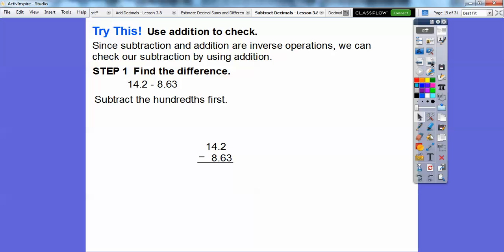Let's try this: since subtraction and addition are inverse operations, we can check our subtraction by using addition. Let's try that with 14.2 minus 8.63. First we subtract the hundredths — we need to include that zero, so 14.2 is the same as 14.20. We borrow from this two tenths and make it one tenth, making ten hundredths. Ten hundredths minus three hundredths gives us seven hundredths.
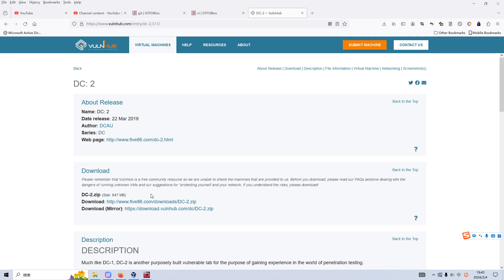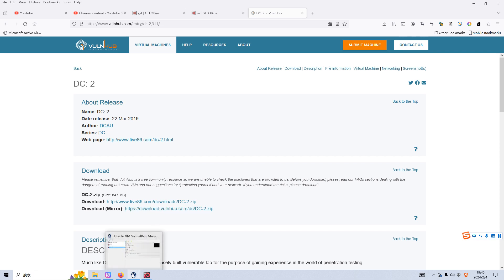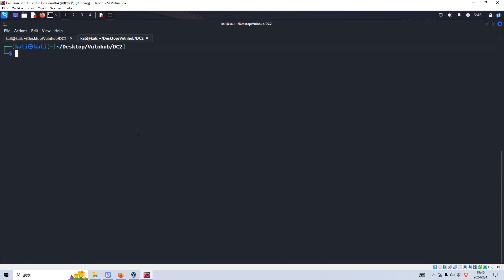My friends, I'm back with another machine on the VulnHub platform. I like VulnHub very much because it's a totally free resource. Before we go ahead, please subscribe to my channel and leave a like below. I've already downloaded this image onto my local machine, imported it into VirtualBox, and started it. I configured its network adapter as host-only. The environment is ready and we can go inside the Kali Linux VM.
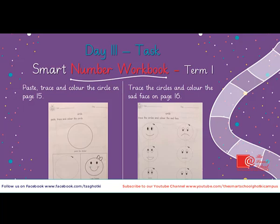This is your day three task. This task should be done in your smart number workbook. You need to paste, trace, and color the circles on page 15. And you need to trace the circles and color the sad face on page 16. Best of luck!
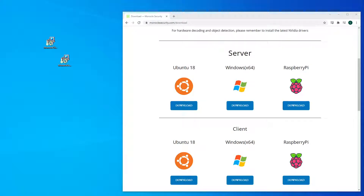Hiya, in this video I'm going to show you how to set up a camera with Monocle. First you need to download the latest server and client from our website, which is shown here on the right. And once they're done downloading you can run the installers, which I've got on the left here on the desktop, and go through the standard installation procedure, which I've already done for convenience.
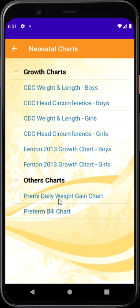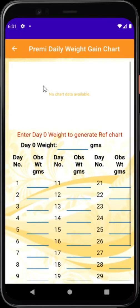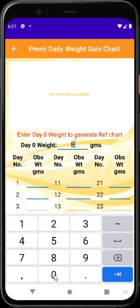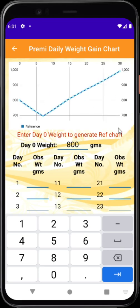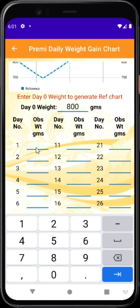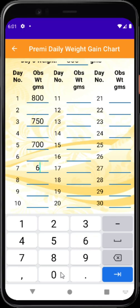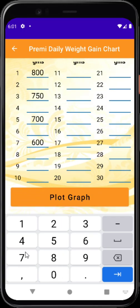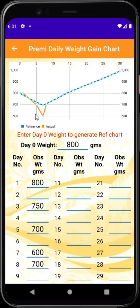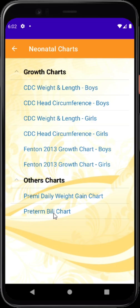To use the interactive weight chart, open the calculator — the screen starts blank. Enter the birth weight in grams — say 800 grams — and press enter to get a reference chart. Then enter weights on different days: day 1 = 800, day 3 = 750, day 5 = 700, day 7 = 600, day 8 = 700 after management. Plotting the graph shows the observed values against the reference chart, helping you understand and optimize how the child is being managed.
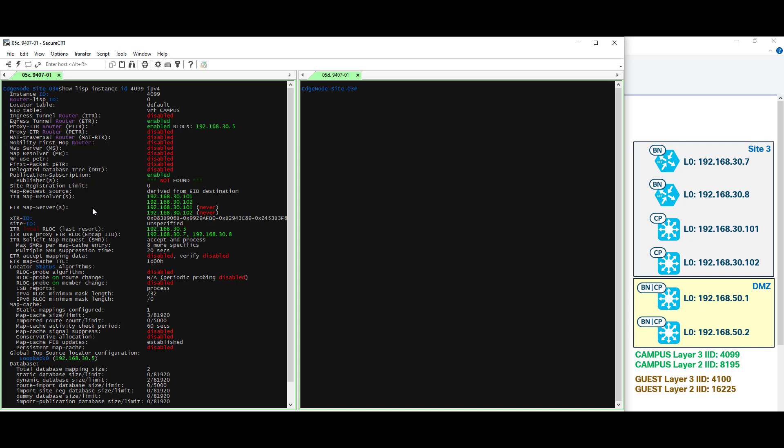So let's go ahead and begin with the map server, map resolver section. ITR map resolver, ETR map server, and both of those are pointing to 192.168.30.101 and 30.102.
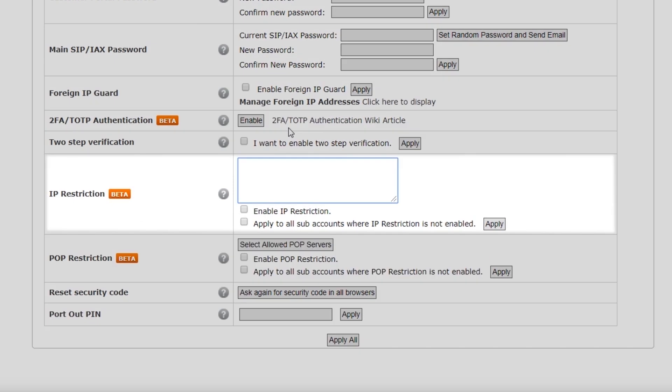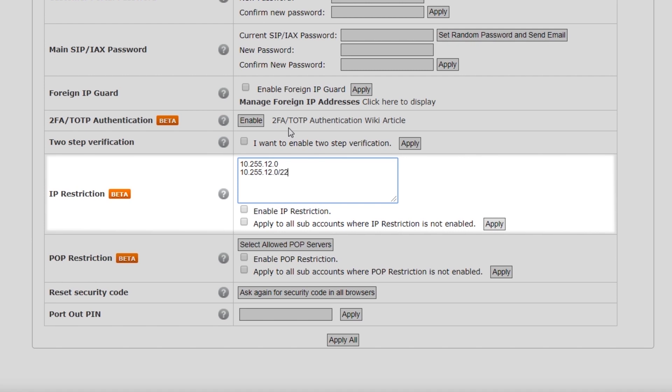When IP Restriction is enabled, the system will only allow outgoing phone calls from the IP address provided, and will reject calls from any other unspecified IP, preventing unauthorized calls from other networks in the event your SIP account's username and password gets compromised. You can specify more than one IP address and even an IP range.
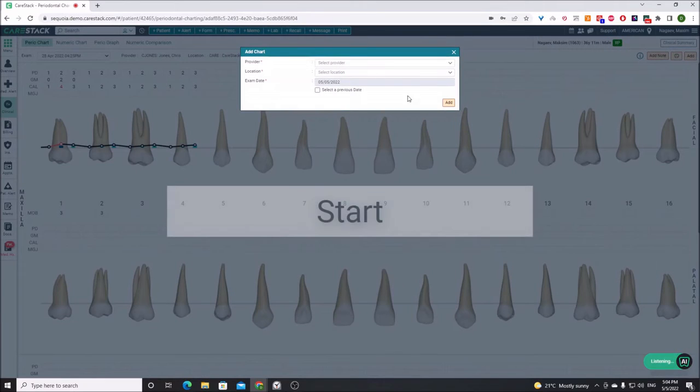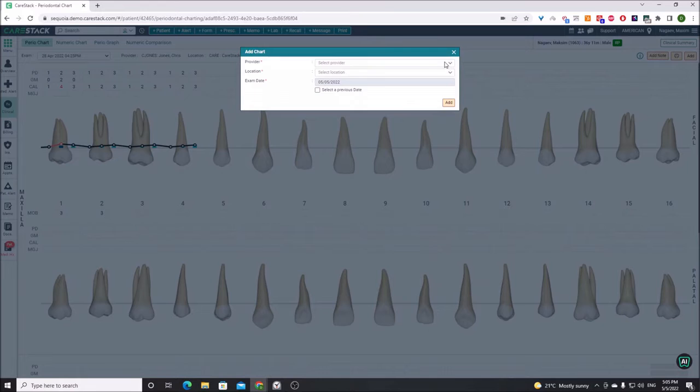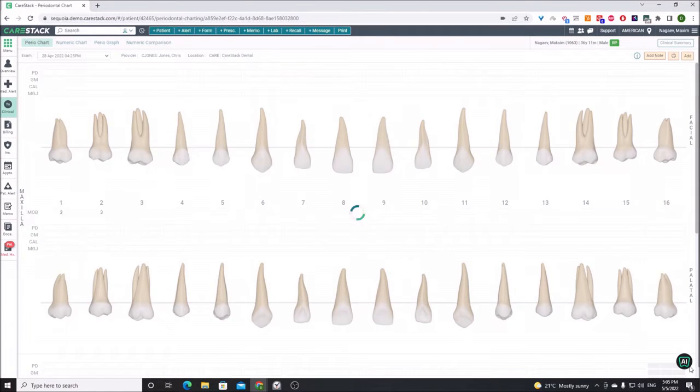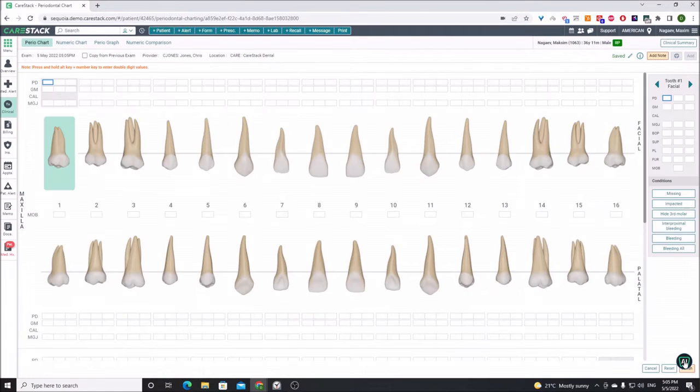I need to add a new chart. All right, now we're good to go.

--------------------------------------------------

Work to be completed:
Please, without any of the pictures, set down exactly the lines from the beginning of the listing to the line that contains "So let's go", inclusive.

Written solution:
Let's try this: since subtraction and addition are inverse operations, we can check our subtraction by using addition. Let's try that with 14.2 minus 8.63. First we subtract the hundredths — we need to include that zero, so 14.2 is the same as 14.20. We borrow from this two tenths and make it one tenth, making ten hundredths. Ten hundredths minus three hundredths gives us seven hundredths.
My friends, I'm back with another machine on the VulnHub platform. I like VulnHub very much because it's a totally free resource. Before we go ahead, please subscribe to my channel and leave a like below. I've already downloaded this image onto my local machine, imported it into VirtualBox, and started it. I configured its network adapter as host-only. The environment is ready and we can go inside the Kali Linux VM.
This is your day three task. This task should be done in your smart number workbook. You need to paste, trace, and color the circles on page 15. And you need to trace the circles and color the sad face on page 16. Best of luck!
Hiya, in this video I'm going to show you how to set up a camera with Monocle. First you need to download the latest server and client from our website, which is shown here on the right. And once they're done downloading you can run the installers, which I've got on the left here on the desktop, and go through the standard installation procedure, which I've already done for convenience.
To use the interactive weight chart, open the calculator — the screen starts blank. Enter the birth weight in grams — say 800 grams — and press enter to get a reference chart. Then enter weights on different days: day 1 = 800, day 3 = 750, day 5 = 700, day 7 = 600, day 8 = 700 after management. Plotting the graph shows the observed values against the reference chart, helping you understand and optimize how the child is being managed.
So let's go ahead and begin with the map server, map resolver section. ITR map resolver, ETR map server, and both of those are pointing to 192.168.30.101 and 30.102.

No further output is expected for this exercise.